» **What you have to do**
Your task is to output the listing exactly, leaving every image out.

*** Opening Collected material ***

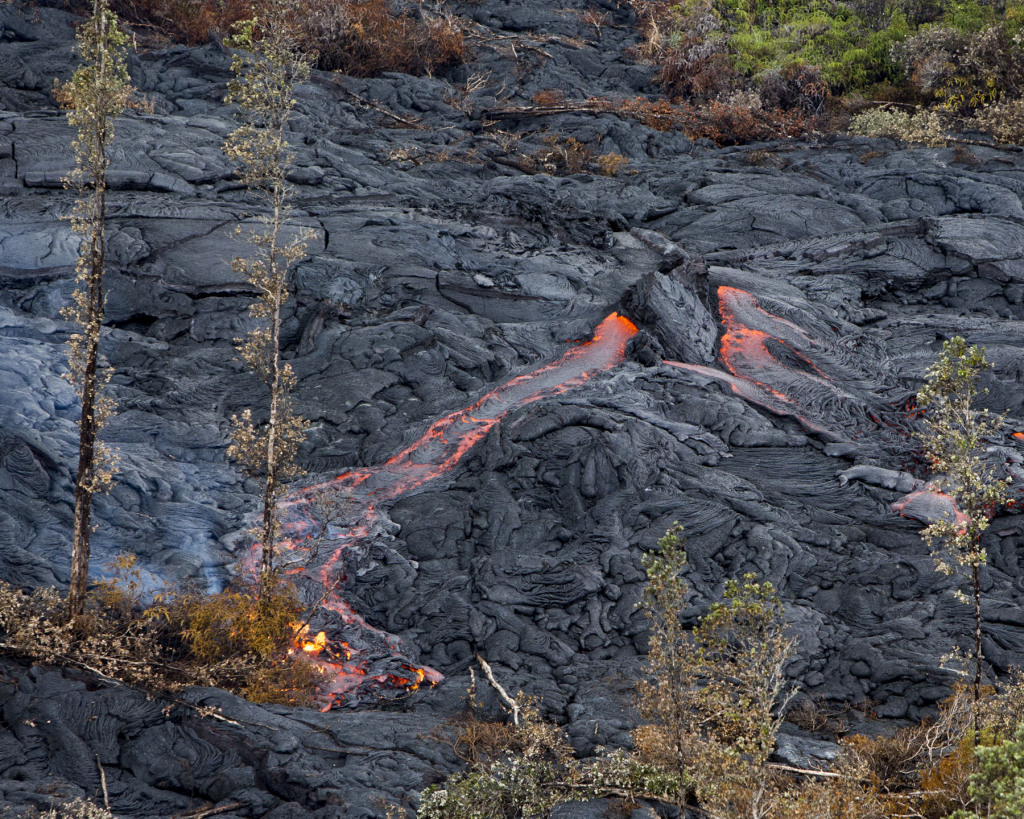 Lava spouts from a hot spot as the lava flow from Mt. Kilauea inches closer to the village of Pahoa, Hawaii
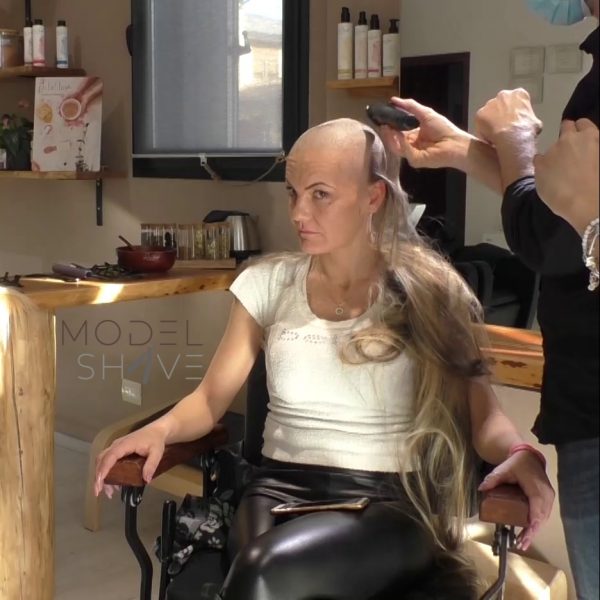 Woman With Long Blond Hair Shaves Her Head Bal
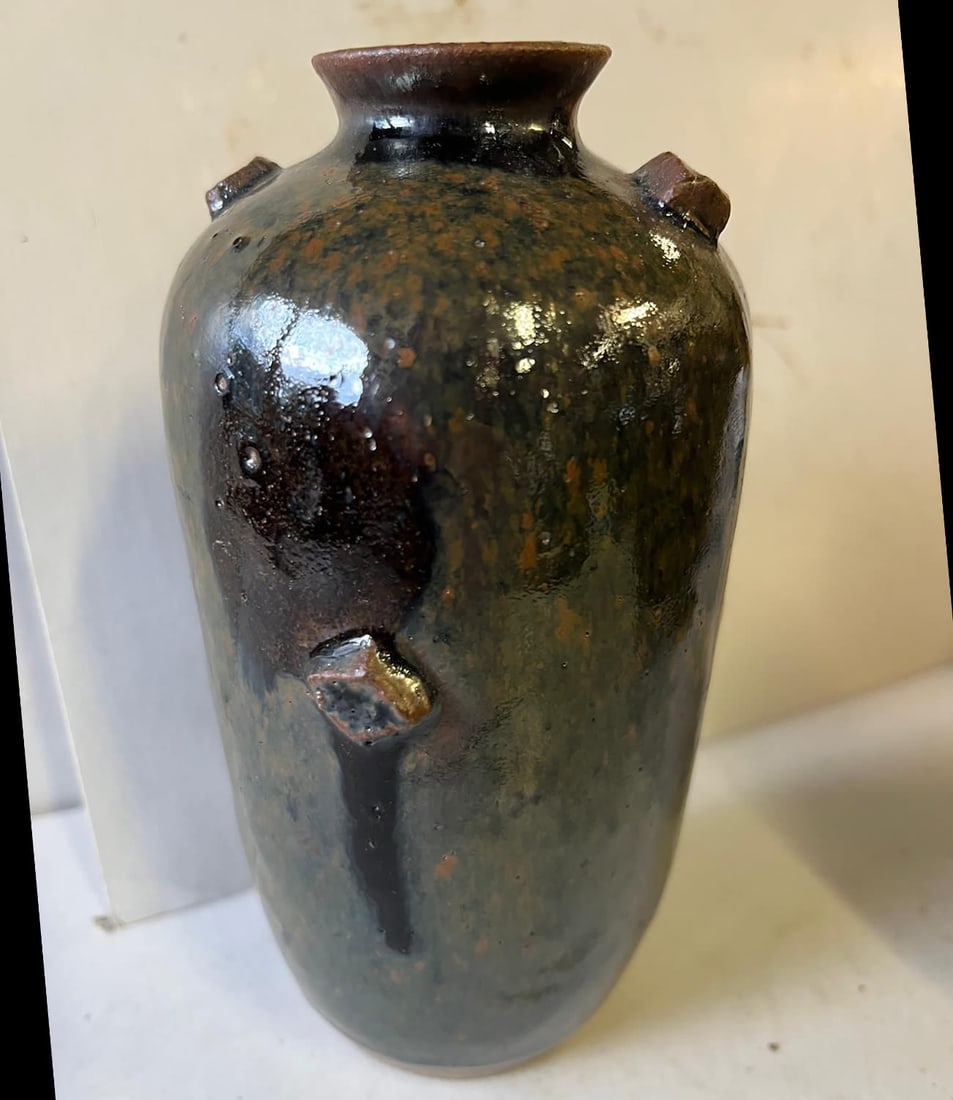 Small ovoid vase with a small flared neck in fine sandstone with a monochrome black glaze shaded (1 of 12)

*** Closing Collected material ***

» **Response below**
 Lava spouts from a hot spot as the lava flow from Mt. Kilauea inches closer to the village of Pahoa, Hawaii
 Woman With Long Blond Hair Shaves Her Head Bal
 Small ovoid vase with a small flared neck in fine sandstone with a monochrome black glaze shaded (1 of 12)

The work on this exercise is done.